21th of November, 2021
- figtreevic

- Nov 23, 2021
- 2 min read
Dear friend,
These past two days studying at an atelier were, as you said they would be, incredible.
It's really impressive how much you can learn only by observing a real master working in their art. The hand movements, the rush, or even the strength they touch the canvas with their brush. All these details there are so hard to get when you are just watching an online class or even from instructional art books.
Said that I must say as well that I'm really happy that writing, and not painting, is my art.
And there is nothing to do with the painting itself. For times I wished to be a master of painting, I really did, but I lack the technique and talent for that, and if Flaubert was right when he said that talent is a long patience, so it is even worse, I would lack three things instead of two.
I learned a lot in the past two days, and for my relief, I found at the atelier, the solution for the problems and mistakes that I was making at home when trying to paint.
Who would have thought that the slight change in the brush's bent could have such extraordinary effects of transforming densely mixed cores into feathers that not only modify the drawing but give it a kind of essence of its own, as if for a second, by a stroke placed in the right place, life stopped for a few moments in the image and recognized itself in it.

And that's here, dear friend, we artists get lost. All of us, of all types, painters, writers, sculptors, poets, everyone from the lowest to the highest grade, from apprentice to master, are equally seduced by the opportunity to capture that moment where art holds life.
We feel it, don't we? We feel that it is within our reach. We just need to change one or two things.

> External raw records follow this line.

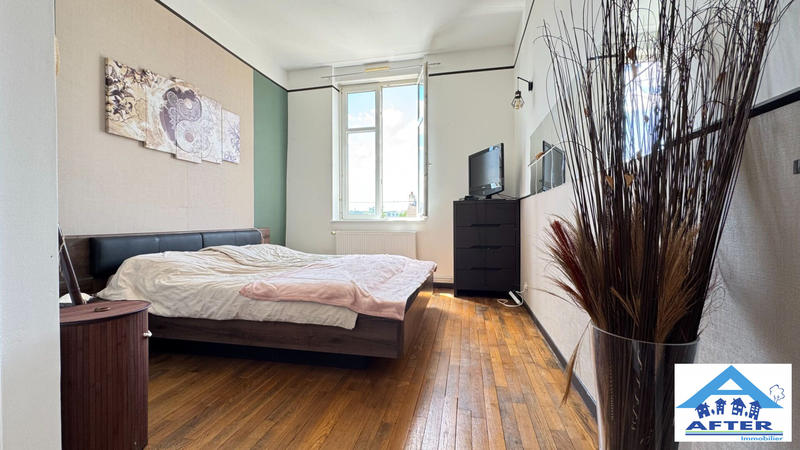 Duplex - 131 m² - 5 pièces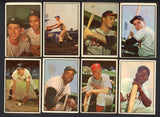 1953 Bowman Baseball Near Set (-3) Lower Grade Reese Musial 547356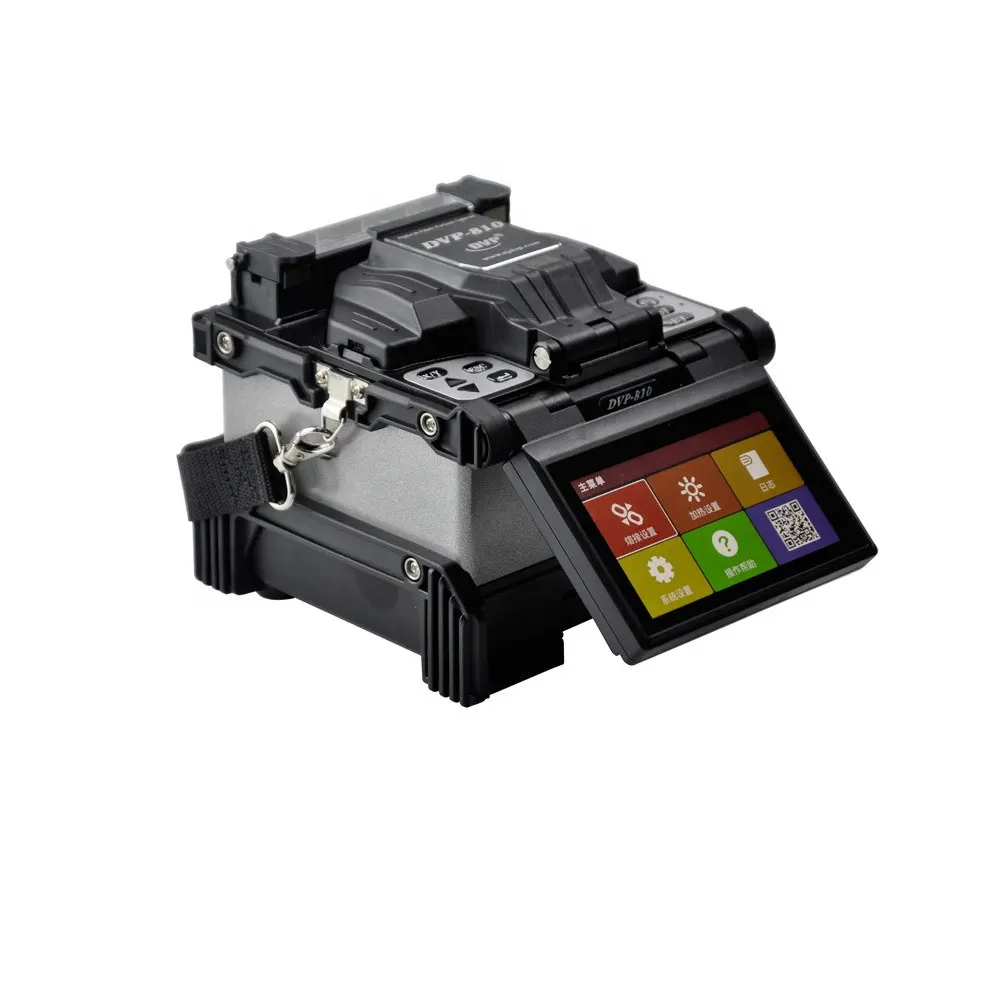 Mesin Penyambungan Serat Optik Splicer DVP DVP-810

We foolishly believe that the desired perfection is found in the next word we try instead of the one already chosen. We believe that beauty is right there, after one more retouch, one more brushstroke on that face that until moments ago seemed so beautiful. And then suddenly we also feel that something profoundly essential has shifted. That feeling of closeness to life became a little more opaque. And what do we do? Shall we stop there? Never! Never!
We are even more sure that the third word chosen will synthesize everything we wanted to say before! That a darker color this time will highlight the shadows that will give the feeling to that portrait's empty eyes! And from then on, we sink deeper and deeper when we don't realize that the beauty and life resided in our work before precisely because of the simplicity they had.
They say that the devil dwells in the details, and the details, being most often ornaments, are not essential to good work, whatever it may be.